Your objective:
Below this line are records; write out exactly the lines from the one containing "Kwanzaa Pan African" through the one containing "golden leaf tealight", with the pictures left out.

Material supplied:
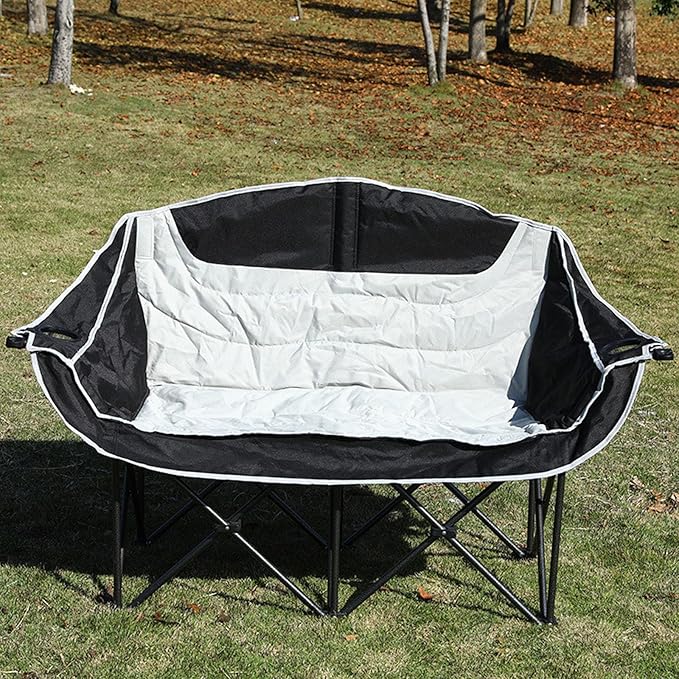 Two-Person Black and White Leisure Camping Outdoor Folding Chairs Portable and Foldable Beach Camping Chair Lightweight Grassland Outdoor Lounge Chairs
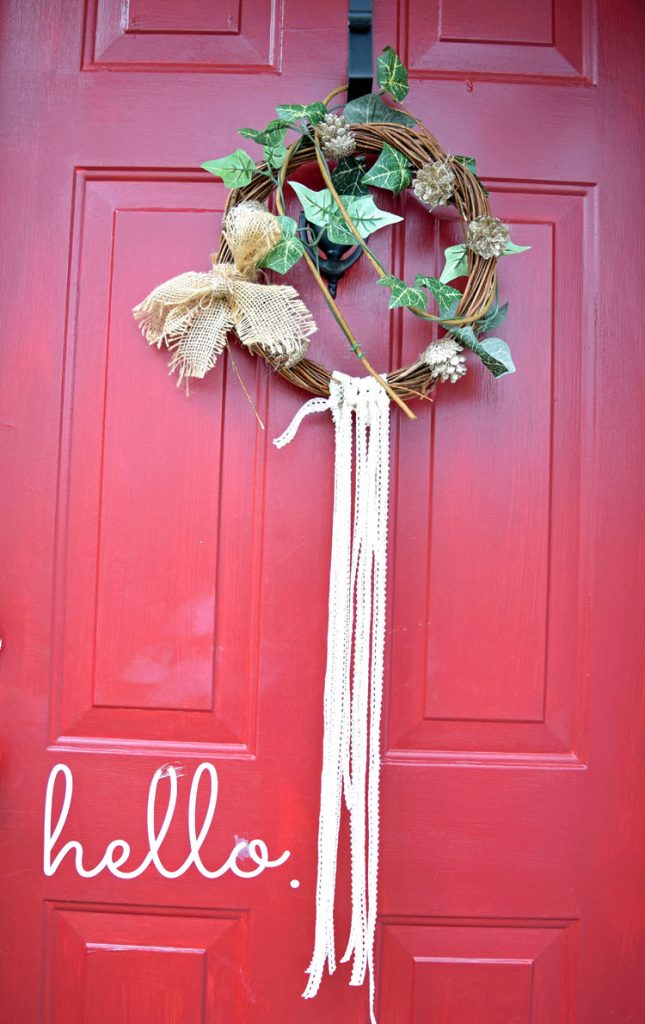 boho lace and ivy grapevine wreath for the Christmas and winter holidays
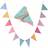 Shein 4M-12 Flag Vintage Colorful Jute Linen Pennant Banner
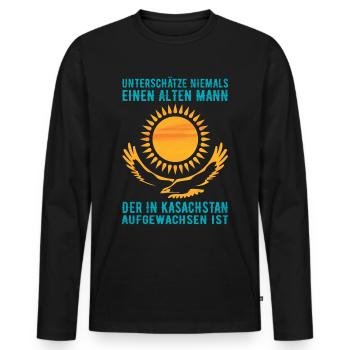 Kasachstan Kasache Kazakhstan Adler Aussiedler - Männer Premium Bio Langarmshirt - Schwarz - Vorne - Nico (187cm)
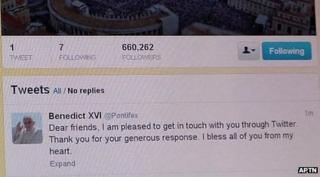 Pope Benedict XVI's first tweet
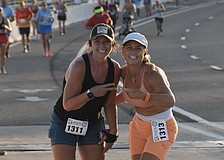 Rebecca Resinski and Amy Stevens show their support.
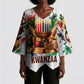 Kwanzaa Pan African Kimono Sleeve Blouse - Mishumaa Saba - Black History - Watercolor Art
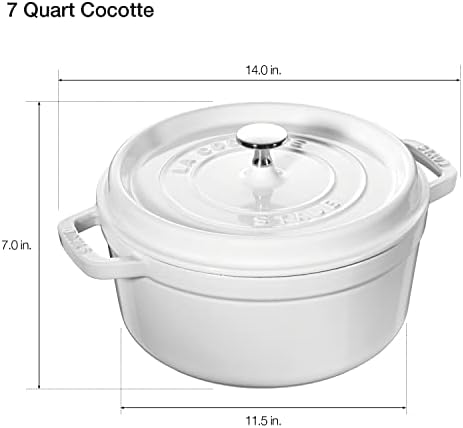 Staub Cast Iron 7-qt Round Cocotte - White - Image 3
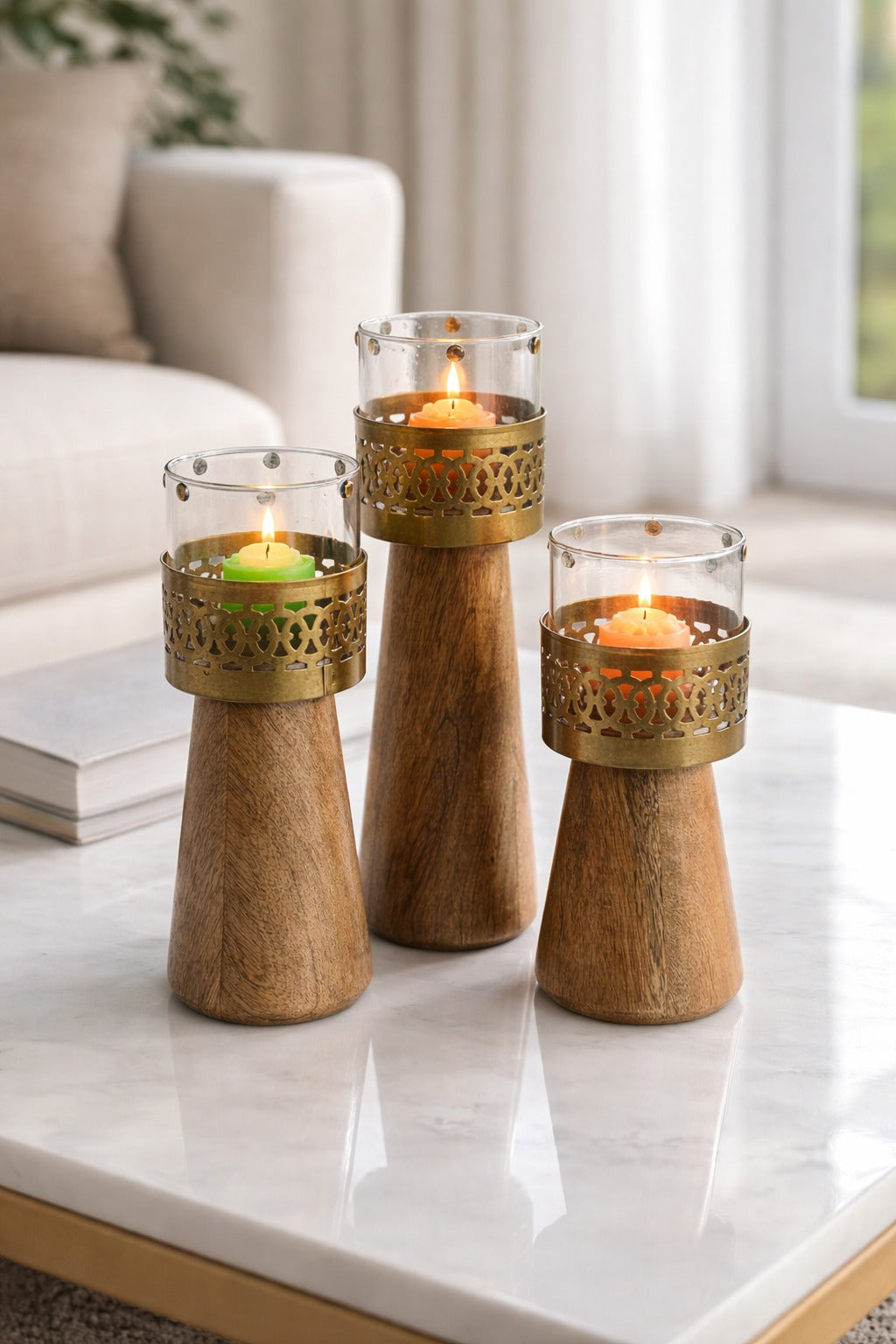 golden leaf tealight candle holder with glass cylinder metal decorative table centerpiece for living room diwali decoration home decor gift item copy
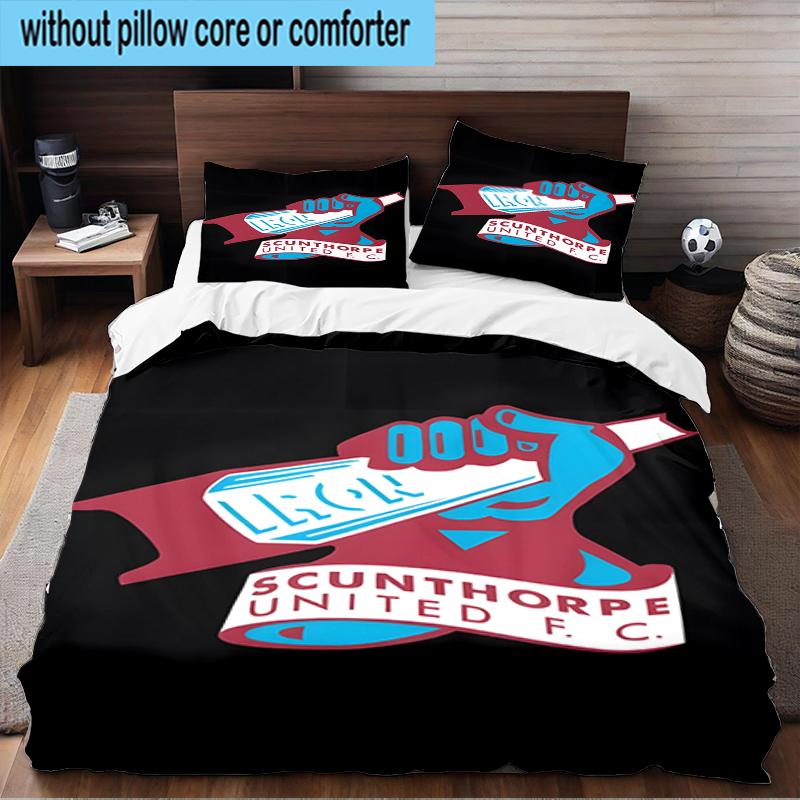 3PCS Scun-thorpe Football Crest Bedding Set,Including 1pc Duvet Cover And 2pcs Pillowcases Perfect for Bedroom, Dormitory, Fan Christmas gift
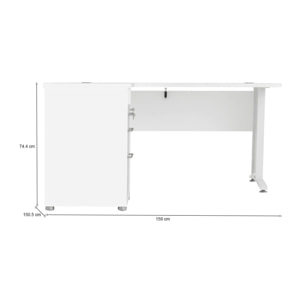 Scrivania Alfango, Scrittoio multiuso, Tavolo per ufficio porta PC, Piano di lavoro, 159x151 h75 cm, Bianco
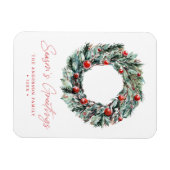 Magnet Flexible Aquarelle Holly Berry & verdure Wreath Holiday (Horizontal)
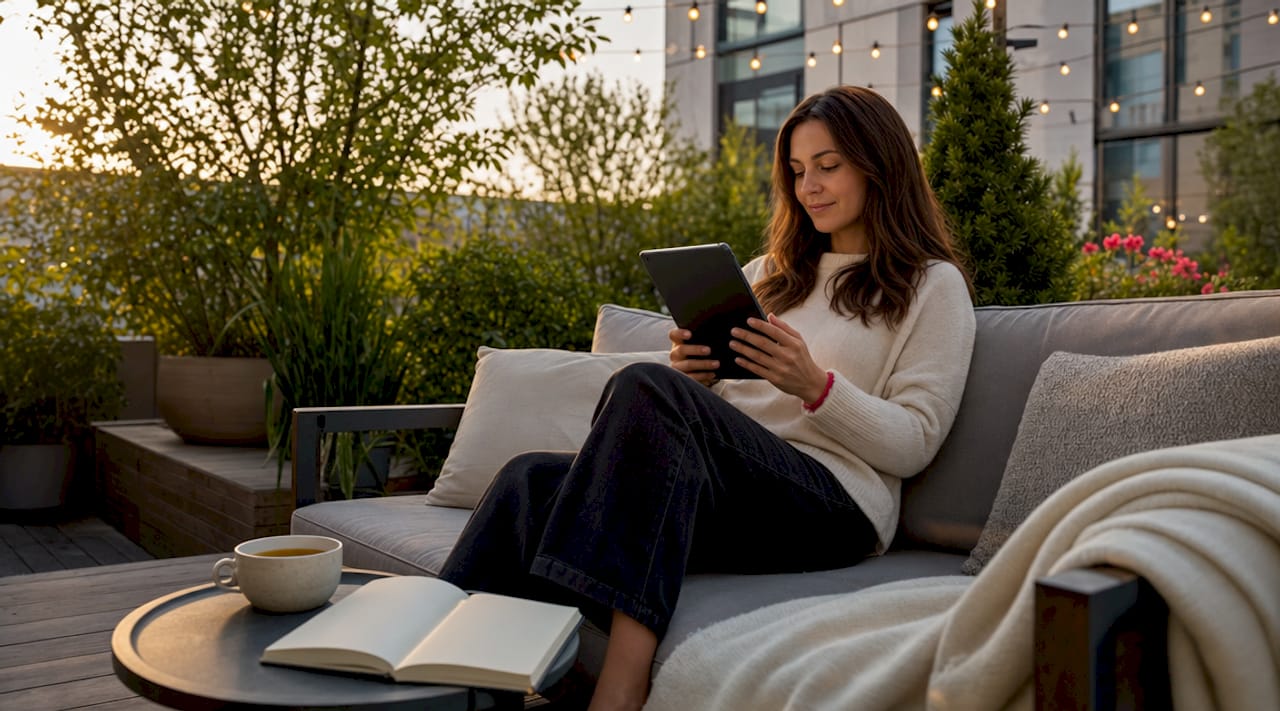 Woman browsing tablet in furnished rental living room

Output for this exercise:
 Kwanzaa Pan African Kimono Sleeve Blouse - Mishumaa Saba - Black History - Watercolor Art
 Staub Cast Iron 7-qt Round Cocotte - White - Image 3
 golden leaf tealight candle holder with glass cylinder metal decorative table centerpiece for living room diwali decoration home decor gift item copy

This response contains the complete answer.